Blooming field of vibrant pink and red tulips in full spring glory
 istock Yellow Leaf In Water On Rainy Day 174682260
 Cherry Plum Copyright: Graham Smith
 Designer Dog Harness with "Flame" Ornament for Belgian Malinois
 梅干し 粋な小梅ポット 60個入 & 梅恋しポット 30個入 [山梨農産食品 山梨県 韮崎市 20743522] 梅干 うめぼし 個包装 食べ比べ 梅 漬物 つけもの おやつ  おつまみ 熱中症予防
____________________
◆ **What you are asked to do**
Each line, from the one that holds "Cherry Plum Copyright: Graham Smith" through the last line of the entries, must be repeated exactly. Leave out everything else.

◆ **Reply**
 Cherry Plum Copyright: Graham Smith
 Designer Dog Harness with "Flame" Ornament for Belgian Malinois
 梅干し 粋な小梅ポット 60個入 & 梅恋しポット 30個入 [山梨農産食品 山梨県 韮崎市 20743522] 梅干 うめぼし 個包装 食べ比べ 梅 漬物 つけもの おやつ  おつまみ 熱中症予防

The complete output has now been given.